◆ Work to complete ◆
Please return every record exactly as written, leaving out the pictures.

◆ Data to examine ◆
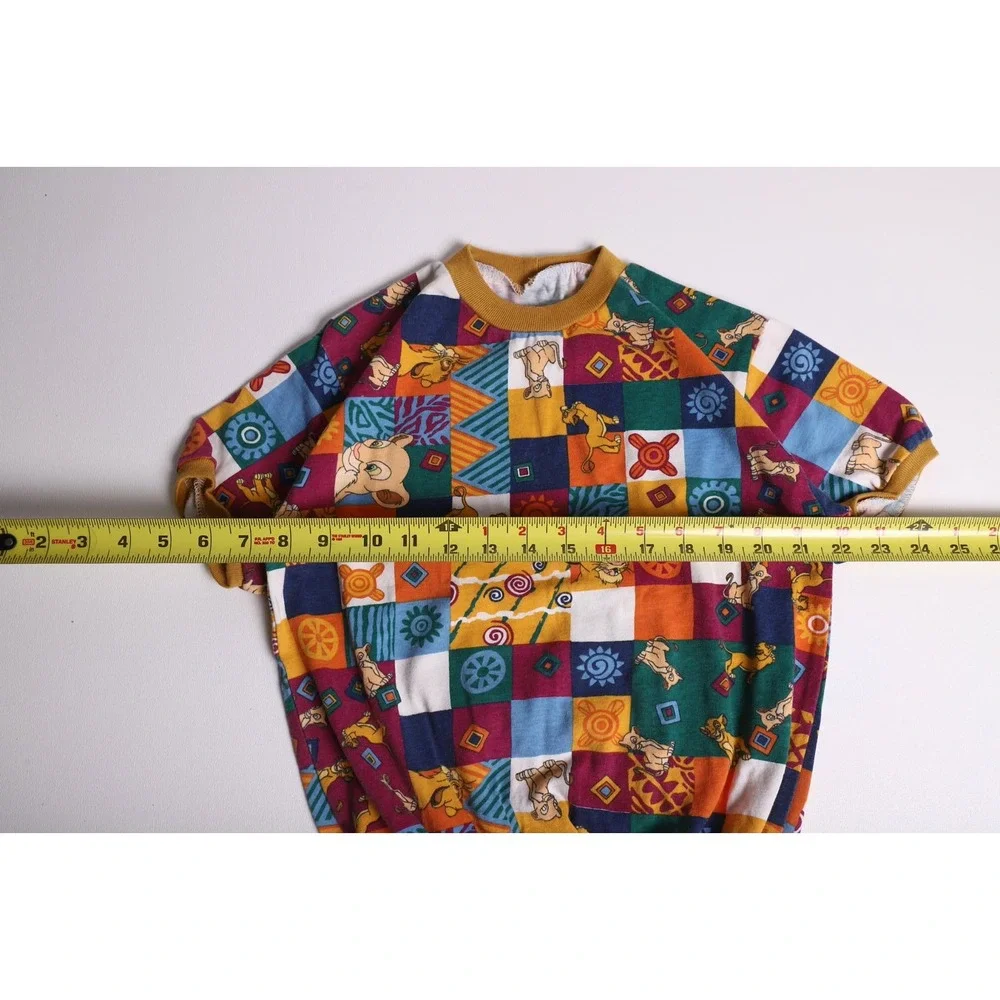 Vintage Disney Lion King Simba All Over Print Kids Short Sleeve Sweatshirt 90s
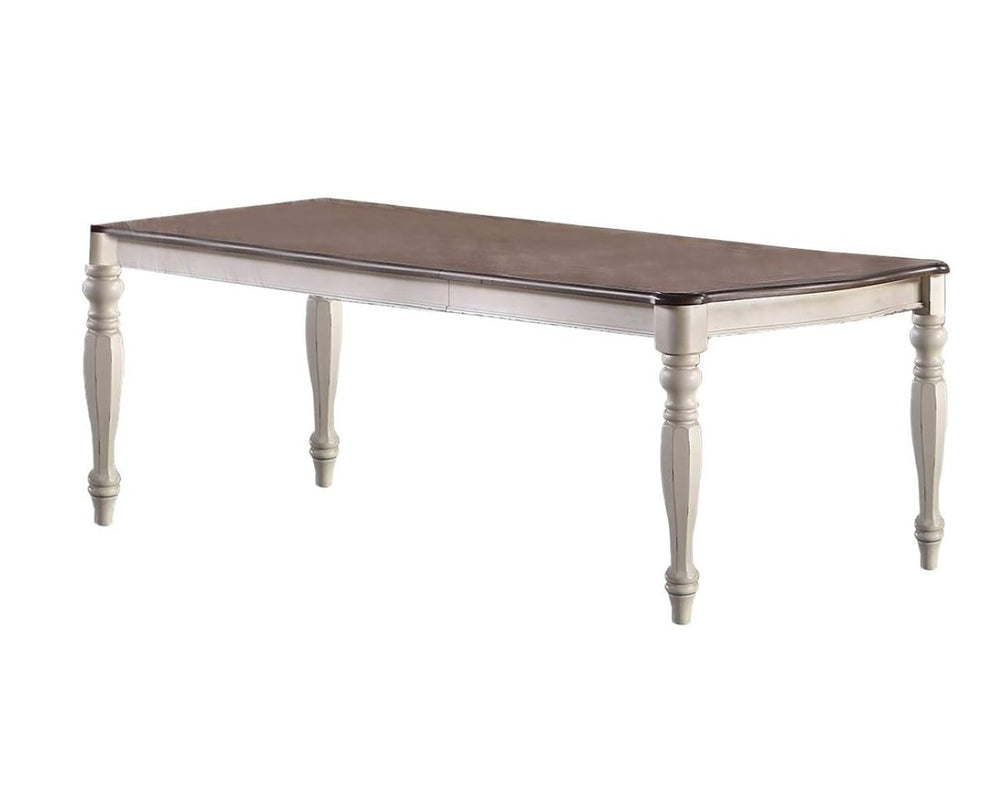 English Elm Transitional Oak Veneer Extendable Dining Table Seats 8 with Antique White Base B011P222503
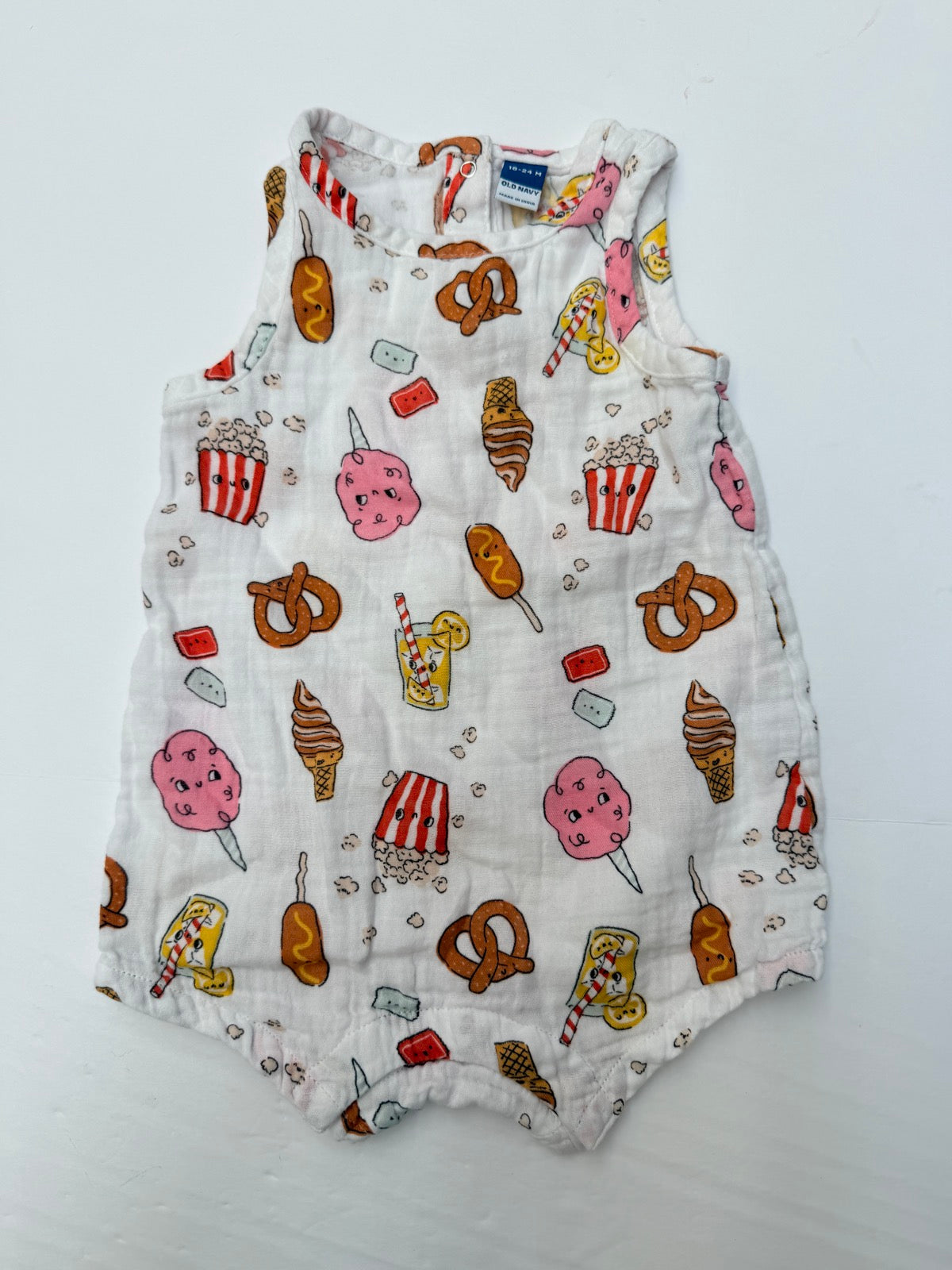 Old Navy Carnival Food Print Romper 18-24M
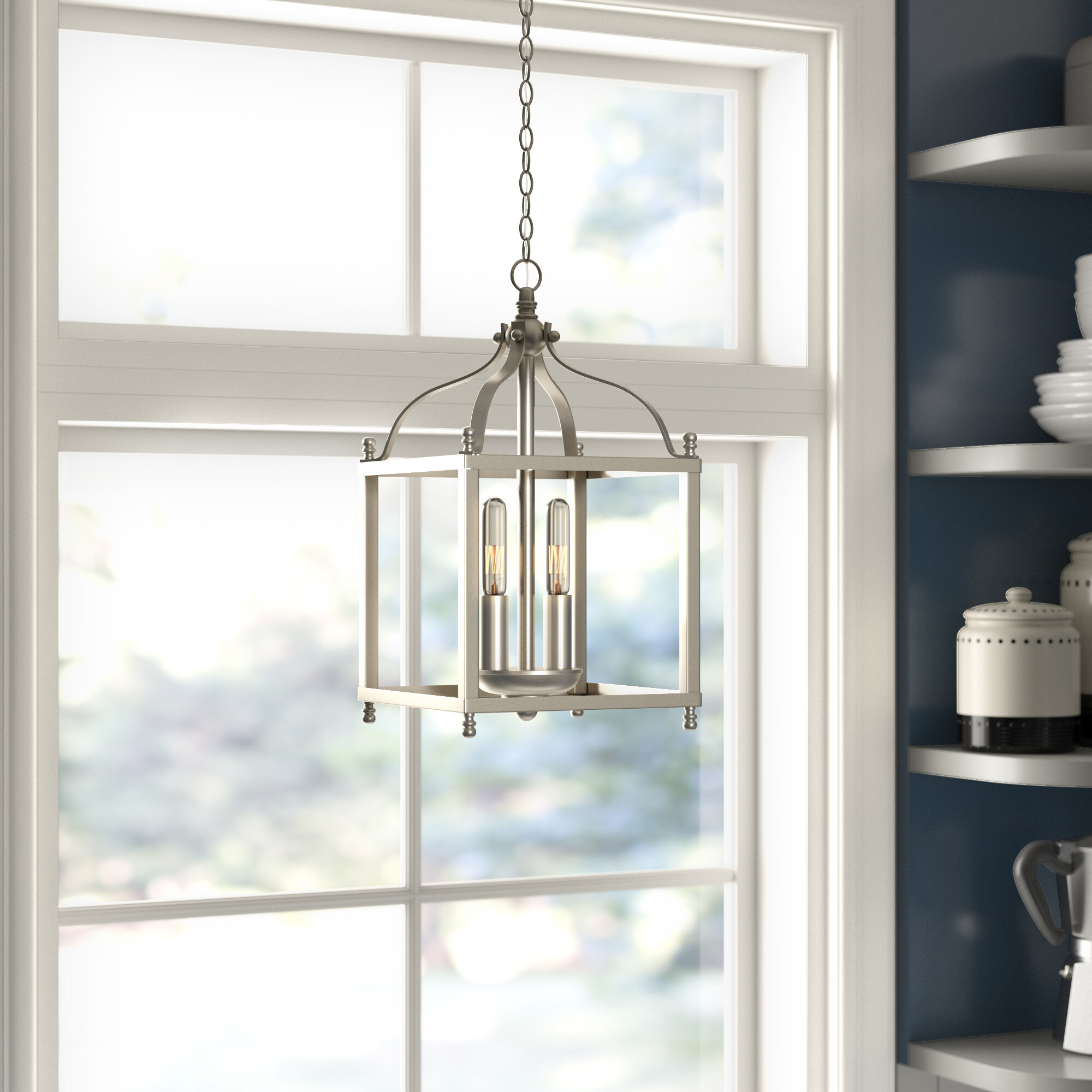 brushed nickel square pendant light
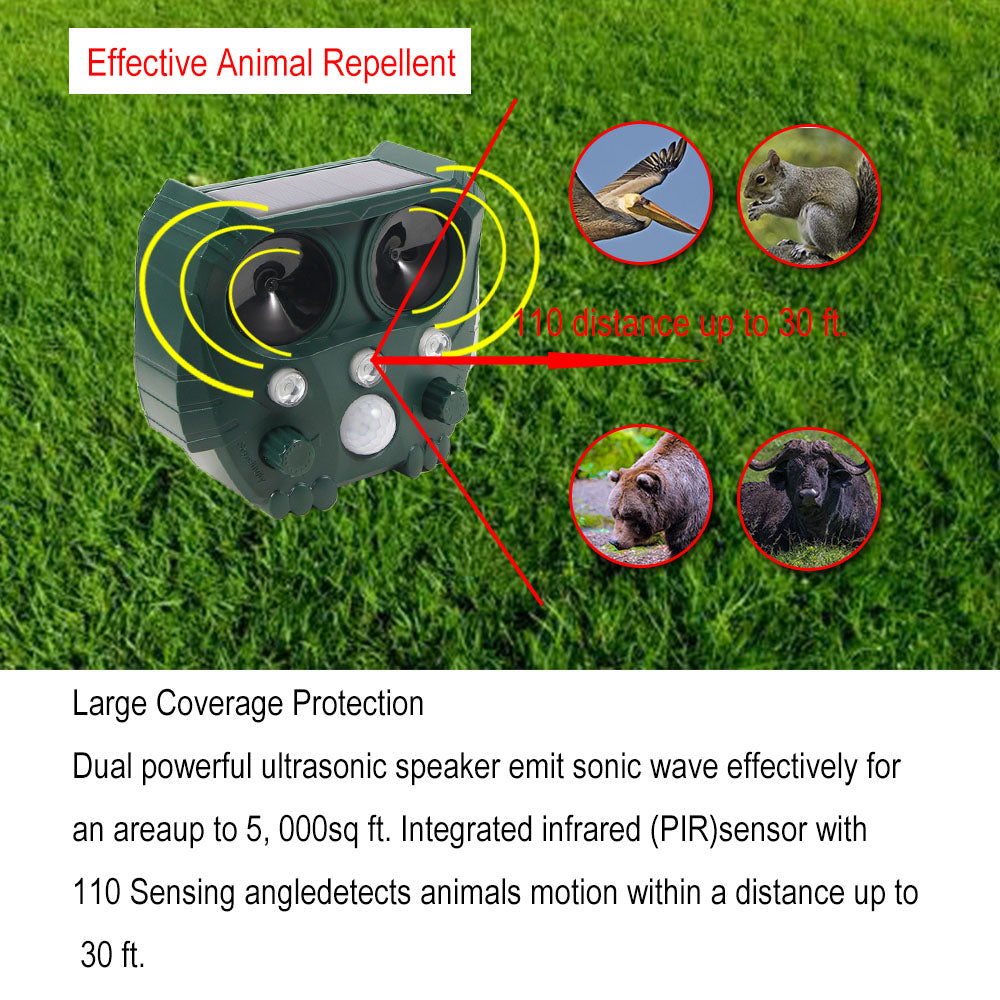 Solar Animal Repeller, Ultrasonic Repellent, Motion Detection, LED Flashing Light,High-grade material waterproof and UV resistant design,Outdoor Animal Repeller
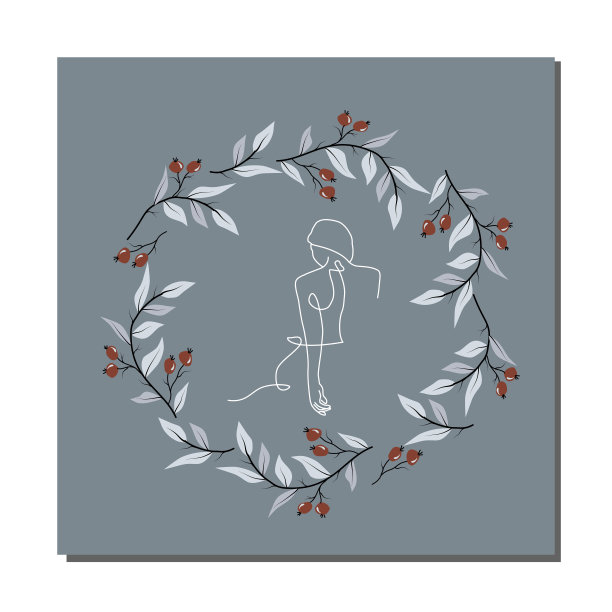 矢量插图在一条线艺术风格的剪影在一个女人的圆形花卉框架。线条艺术插图的女士在极简主义风格的墙壁艺术，海报图片下载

◆ Solution to the problem ◆
 Vintage Disney Lion King Simba All Over Print Kids Short Sleeve Sweatshirt 90s
 English Elm Transitional Oak Veneer Extendable Dining Table Seats 8 with Antique White Base B011P222503
 Old Navy Carnival Food Print Romper 18-24M
 brushed nickel square pendant light
 Solar Animal Repeller, Ultrasonic Repellent, Motion Detection, LED Flashing Light,High-grade material waterproof and UV resistant design,Outdoor Animal Repeller
 矢量插图在一条线艺术风格的剪影在一个女人的圆形花卉框架。线条艺术插图的女士在极简主义风格的墙壁艺术，海报图片下载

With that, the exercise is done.